Can you grow wild blueberries?

While we have quite a few species of wild blueberries in British Columbia, the two most common ones you are likely to encounter at a garden centre are known as Huckleberries. Both Red Huckleberry (Vaccinium parvifolium) and Evergreen Huckleberry (Vaccinium ovatum) are both in the Ericaceae family like Blueberries but have delicious red and black berries, respectively. While our native Oval-Leaf Blueberry (Vaccinium ovalifolium) is a common sight in local parks like Whonnock Lake, it can be hard to find as a nursery plant.

Are there blueberries that produce all season, like everbearing strawberries?

In a word, no, but there are repeat-cropping varieties such as ‘Sweetheart’ and ‘Perpetua’ which produce a summer crop and another in early fall. Standard blueberries also have an early (‘Duke’, ‘Patriot’), mid (‘Top Hat’, ‘Bluecrop’), or late (‘Legacy’, ‘Elliott’) season, so by planting multiple varieties you can pick fresh berries from July to September.

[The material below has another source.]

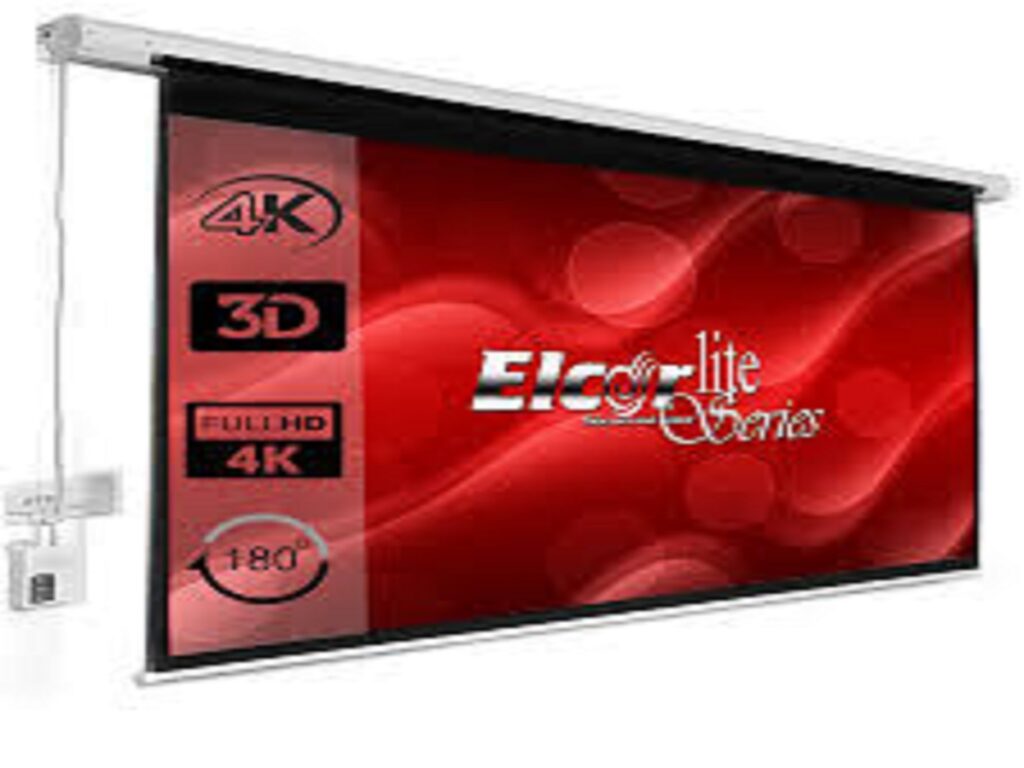 HD Electric Motorised AT Screen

Can you grow blueberries in containers?

There are a number of compact blueberries that thrive in containers such as ‘Tophat’, a lowbush (Vaccinium angustifolium) hybrid that only grows 24-30” tall. A multitude of excellent cultivars can also be found in the Bushel and Berry line including ‘Jelly Bean’, ‘Blueberry Glaze’ and ‘Silver Dollar’ which range in heights from 24-36” tall.

Are there ornamental blueberries that I can incorporate into a mixed border?

Blueberries have many ornamental aspects, not the least being great autumn colour, such as that found in ‘Blueberry Glaze’ and others like Vaccinium angustifolium. Many of the Bushel and Berry series also have ornamental foliage including ‘Peach Sorbet’, ‘Pink Icing’, and the boxwood-like ‘Blueberry Glaze’ or ‘Berrybux’. Last but not least, the new growth on Evergreen Huckleberry is an eye-catching coppery-red.

Why are my blueberry leaves turning yellow?

If you have yellow leaves with green veins, then you have chlorosis due to an iron deficiency. What this usually means is that your pH is too high (making the iron unavailable) from either liming your lawn and getting some under the blueberries or planting them near a new concrete patio or sidewalk where the lime from the fresh cement will temporarily raise the pH. Use aluminum sulphate to lower the pH and your foliage should start to green soon afterwards.